June 3, 2009 by Shenandoah Living · Leave a Comment 

Dollhouse

This Friday the Arts Council of the Valley kicks off its annual First Fridays in the ‘Burg. And despite having a brand new director whose still getting her feet wet (Welcome Celia!), this year’s lineup appears to have more variety and plenty of appeal. More about that later.

In addition to movies and music, some of the downtown merchants are getting involved, and the council is teaming up with Harrisonburg Downtown Renaissance to offer historic walking tours.

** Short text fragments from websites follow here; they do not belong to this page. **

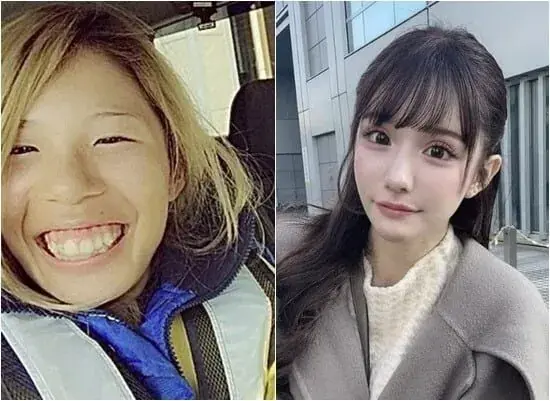 충격적인 2억원어치 성형결과..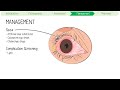 Sjogren Syndrome with mnemonics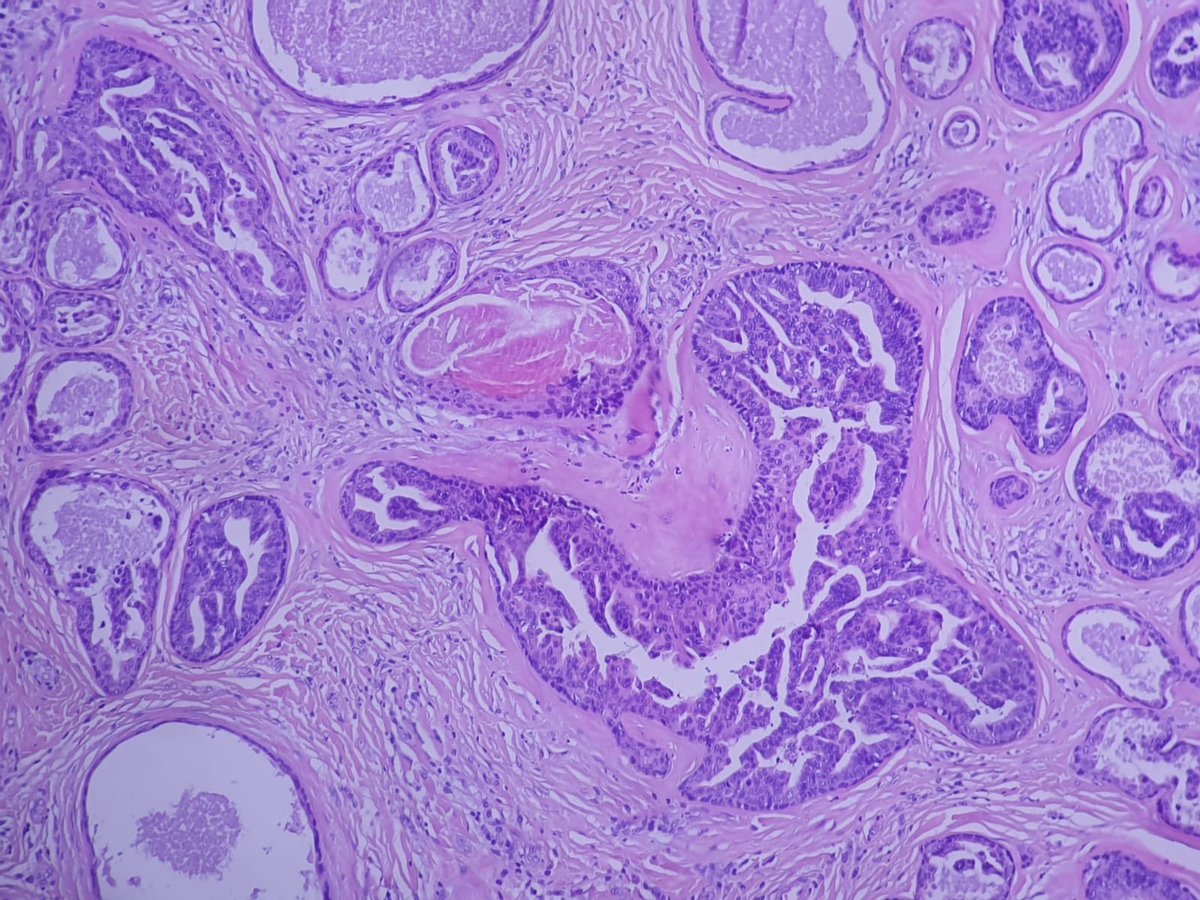 Papillary eccrine adenoma #dermPath #PathTwitter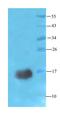 Retinoic Acid Receptor Responder 2 antibody, orb156351, Biorbyt, Western Blot image 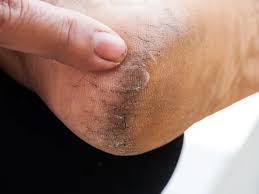 Treat cracked heels in winter at home with these methods. 20 Easy Home Remedies For Cracked Heels That Work Styles At Life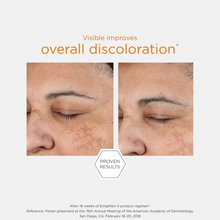 Load image into Gallery viewer, Before and after comparison of facial skin with text indicating improvement in discoloration.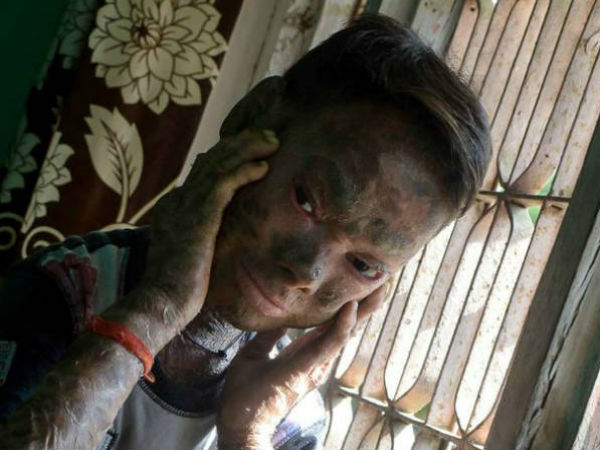 'Human snake' teen who sheds her skin every six weeks because of ultra-rare condition to get miracle treatment 'Human snake' teen who sheds her skin every six weeks because of ultra-rare condition to get miracle treatment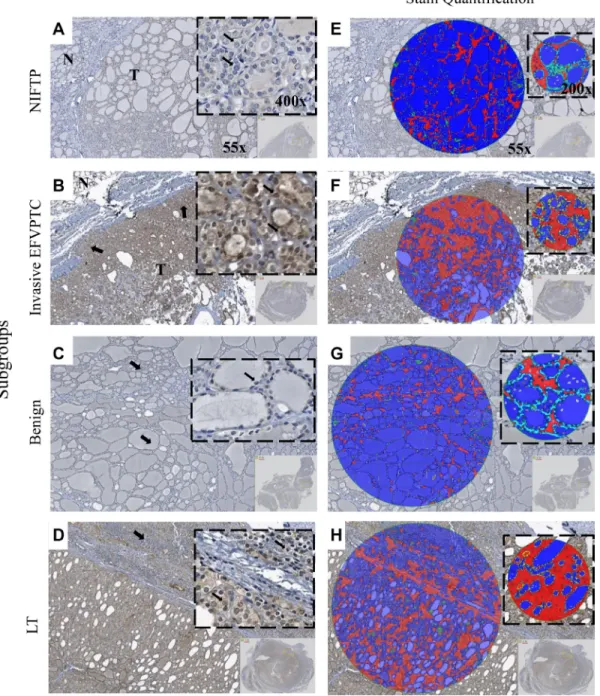 Figure 1: Immunohistochemistry staining and digital image analysis of PD-L1 expression in NIFTP, invasive EFVPTC,  Benign and LT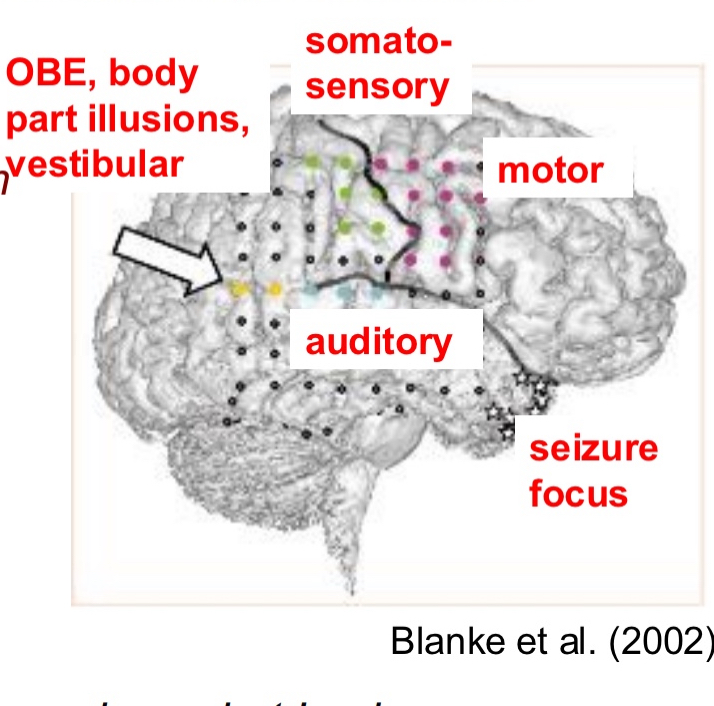 <ul><li><p>Make sure the part that is being cut, is not crucial to quality of life.</p></li><li><p>Dr opened skull while patient was awake, using local anesthesia, and place a mesh of electrodes (coloured dots).</p></li><li><p>Then stimulate each electrode separately to see what the response of the patient is</p></li><li><p>When stimulate electrodes coloured in</p><ul><li><p>blue → auditory illusions</p></li><li><p>Green → felt she was being touched, somatosensory illusions</p></li><li><p>Purple → movements from person, motor</p></li><li><p>Yellow → out of body experiences, body part illusions, vestibular ( angular gyrus was stimulated)</p><ul><li><p>Vestibular: sinking into the bed, falling</p></li><li><p>“I see myself lying in bed, from above, but I only see my legs and lower trunk”</p></li></ul></li></ul></li></ul><p></p>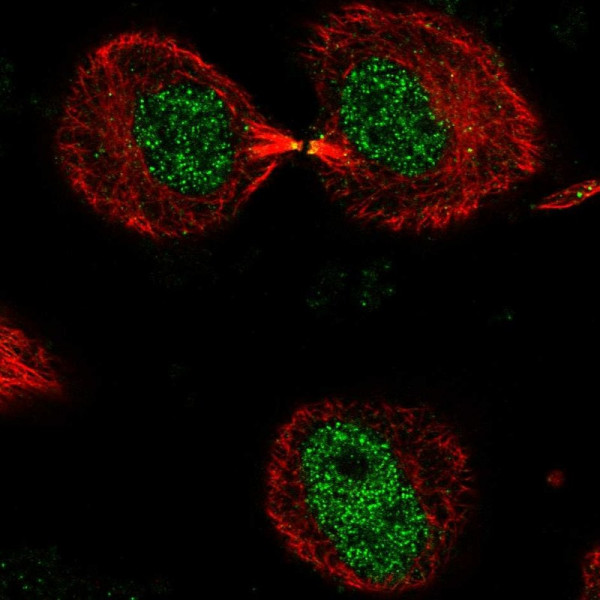 Anti-DNHD1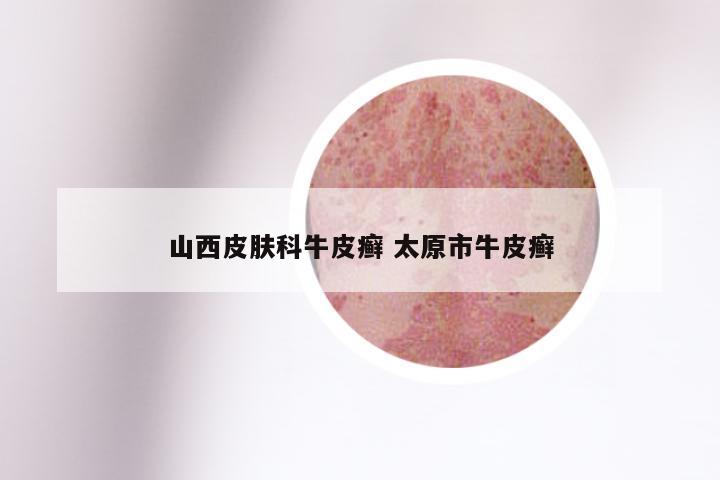 山西皮肤科牛皮癣 太原市牛皮癣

This Friday, in conjunction with First Fridays and to kick of their 6-year anniversary, You Made It! Pottery Studio is offering wheel-throwing demonstrations in front of the store from 5-7 p.m. According to co-owner David Miller, the studio has opened a new wheel-throwing room, where you can take lessons, or practice your own throwing. And at a good price, I may add. Practice for one hour costs only $8. I have a feeling the pottery room is going to be very busy.

Dave says later this month they are also opening a new glass warming room. Design your own jewelry, bowls, etc. and they will fire them on site in their new glass kiln. And several summer camps for kids are planned at the studio, featuring work in clay and glass. One week camps are $175 and held Monday through Friday from 10 a.m.-1 p.m.

Sounds like a fun place to be. If you’ve never experienced  You Made It!, here’s a nifty video to give you a visual taste of their offerings.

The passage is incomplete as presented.